Le synopsis de Mademoiselle est une véritable danse du ventre torride pour moi : dans la Corée occupée par le Japon des années 1930, Sookee (Kim Tae-Ri) se fait engager comme dame de compagnie auprès d’Ideko (Kim Min-Hee) une riche Japonaise sous la coupe d’un oncle tyrannique collectionneur de livres rares – et érotiques comme on va le découvrir – qui désire l’épouser pour faire main basse sur sa fortune. Sookee doit convaincre Ideko de préférer un autre homme, un escroc complice qui se fait passer pour un comte japonais (Jung-Woo Ha). Mais la beauté d’Ideko et sa faiblesse attirent Sookee irrésistiblement. Ça, c’est le premier chapitre. Le deuxième chapitre nous montre l’histoire du point de vue d’Ideko qui n’est pas tout à fait celle perçue par Sookee.

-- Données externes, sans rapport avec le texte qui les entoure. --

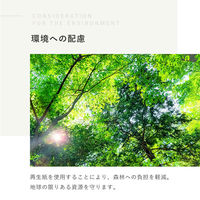 イトマン ありがとう4ロール27.5mダブル【ギフト/ノベルティ/粗品・景品】 10055346 1ケース(24パック)（直送品）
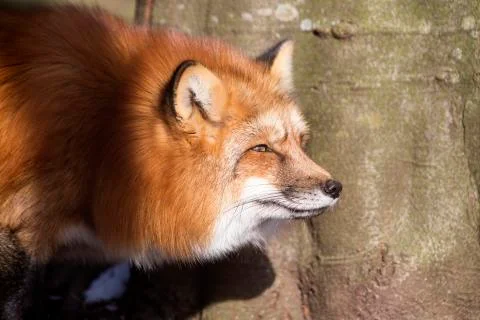 Orange fox Stock Photos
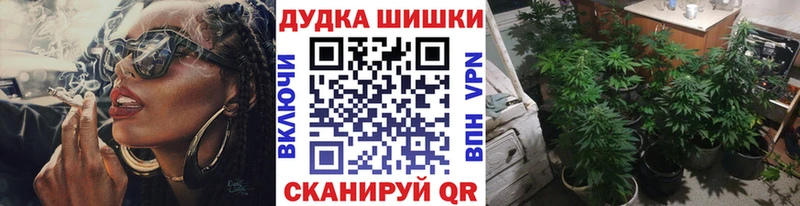 Каннабис планчик  Кораблино 
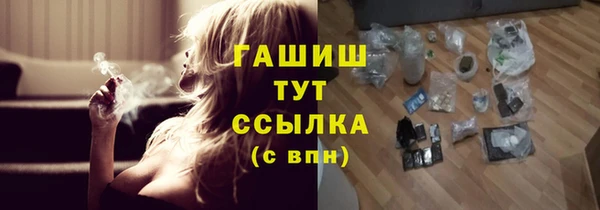 гашик Алексеевка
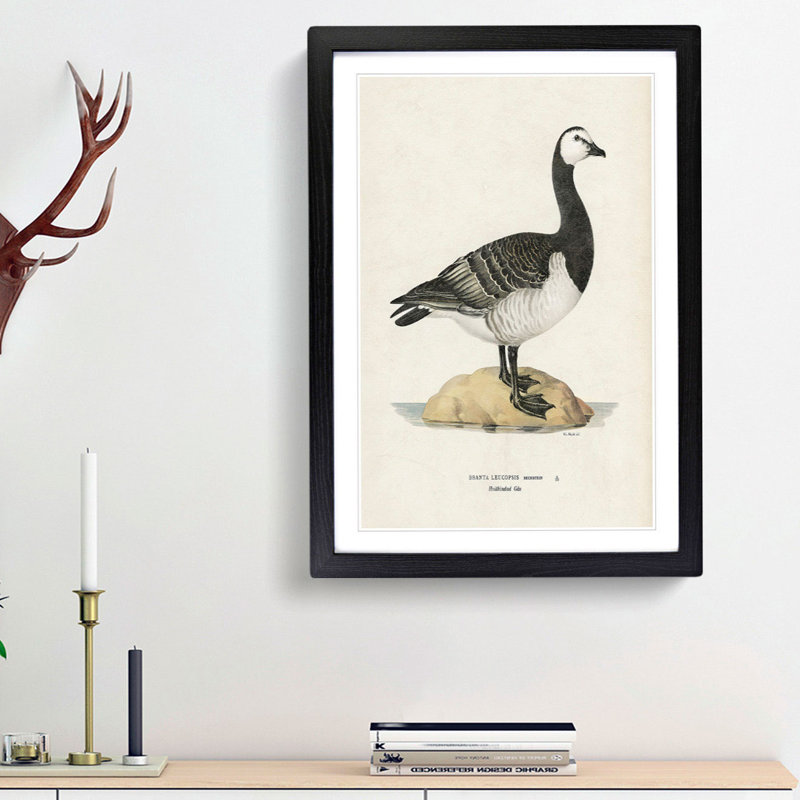 Barnacle Goose by Von Wright - Picture Frame Painting Print, 36cm H x 27cm W x 2cm D, Black Framed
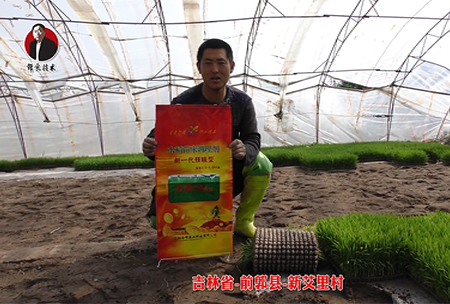 吉林(lin)省-前郭縣-新艾裏邨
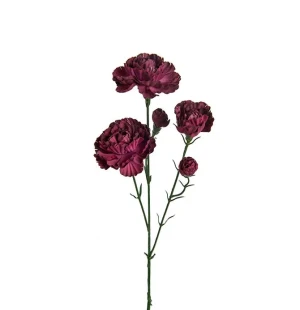 Elegance nejlika röd, 65cm image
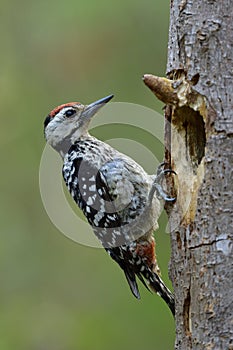 Smallest camouflage black and white woodpecker with red head perching beside its hole nest on the tree, fascinated wild animal
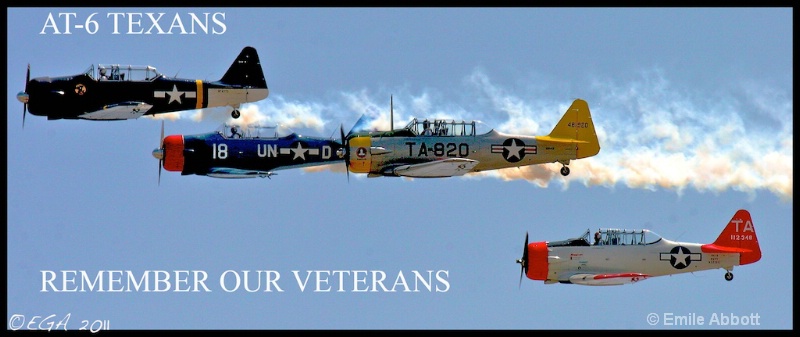 Remember our Veterans - ID: 12491010 © Emile Abbott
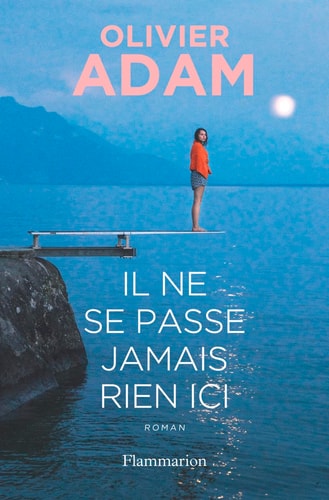 Il ne se passe jamais rien ici roman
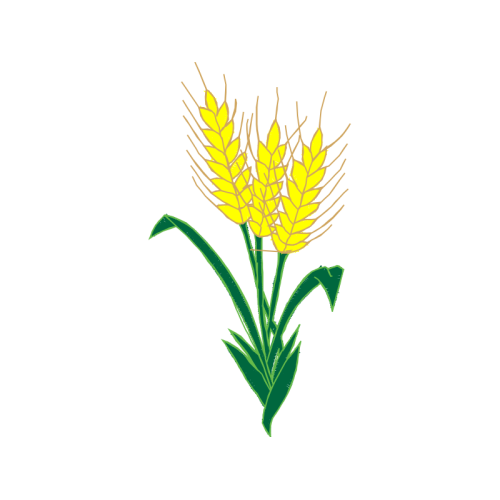 Illustration Flowers Illustration Flowers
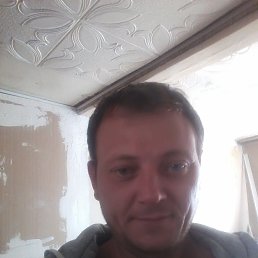 , 41, 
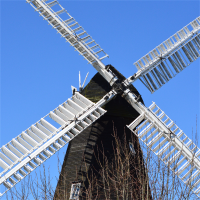 Friends of Herne Mill avatar image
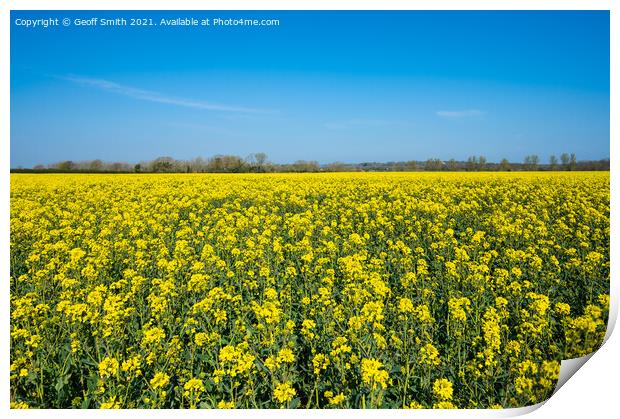 Rapeseed Field in Spring Print by Geoff Smith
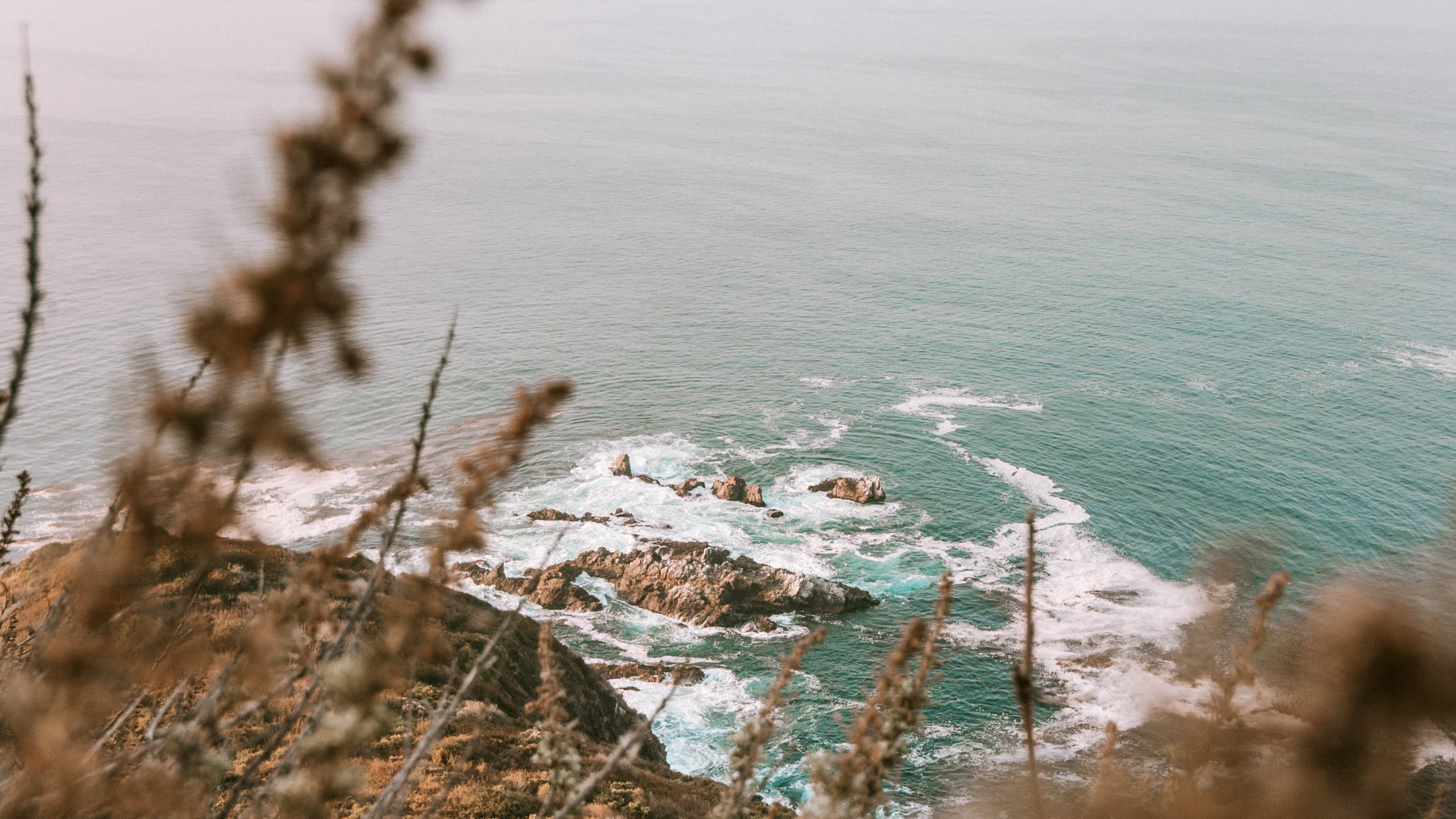 Ocean, Coast, Body of Water, Tree, Beach. Wallpaper in 2560x1440 Resolution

C’est donc une histoire d’escroquerie à plusieurs niveaux, un thème que j’adore et qui est brillamment mis en scène ici, adaptée de Du bout des doigts, un roman britannique de Sarah Waters. En le situant en Corée, il ajoute une couche de différence de classe puisque le Japon de l’époque écrase la Corée qui peine à faire vivre sa culture. La servante coréenne est donc fascinée par la beauté et l’élégance de la maîtresse japonaise mais les rapports de force semblent inversés puisque c’est la servante rusée qui désire protéger la maîtresse manipulée. Le second chapitre rebat les cartes de manière jouissive et Park Chan-Wook développe son univers un peu too much avec talent. Il est intéressant de voir que non seulement le point de vue sur l’histoire change mais ce qui est raconté est aussi modifié. Il n’y a pas seulement un témoignage différent mais aussi un genre différent. La première histoire n’est pas sans rappeler le roman mystérieux de l’Angleterre victorienne de Wilke Collins et la deuxième flirte avec les récits libertins classiques.

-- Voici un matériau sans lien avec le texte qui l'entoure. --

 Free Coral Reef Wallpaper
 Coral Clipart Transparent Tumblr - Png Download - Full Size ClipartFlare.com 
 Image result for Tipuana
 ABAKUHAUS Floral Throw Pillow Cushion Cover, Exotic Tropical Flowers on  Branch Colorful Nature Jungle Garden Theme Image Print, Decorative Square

Certains se plaignent du mauvais goût de Park Chan-Wook (deux jolies femmes s’aiment toutes nues) mais ce côté vicelard n’est pas sans rappeler le cinéma des années 70 de genre ou pas où le bon goût se trouvait bousculé au profit des fantasmes.
Du coup je l’ai finalement vu et je rebondis sur ta phrase :
”Certains se plaignent du mauvais goût de Park Chan-Wook (deux jolies femmes s’aiment toutes nues) mais ce côté vicelard n’est pas sans rappeler le cinéma des années 70 de genre ou pas où le bon goût se trouvait bousculé au profit des fantasmes.”
Bah je trouve que justement les scènes de sexe passent bien, il y a certes un vrai érotisme mais on ne sent pas de regard masculin vicelard par-dessus (là où un ”La vie d’Adèle” est bien plus ambigu, par exemple). Ces scènes (ou plutôt cette scène, répétée) ont vraiment un but narratif : on sent vraiment la libération des personnages à travers l’amour charnel et le changement de point de vue avec la répétition montre les différentes facettes des personnages. Bref c’est très casse-gueule mais je trouve que le film arrive à bien montrer des scènes érotiques mais pas grivoises et réussit un mariage pas évident entre un propos adulte et un regard presque fleur-bleue.
Je suis bien d’accord avec toi, les scènes d’amour physique font contre point aux fantasmes intellectuels des hommes.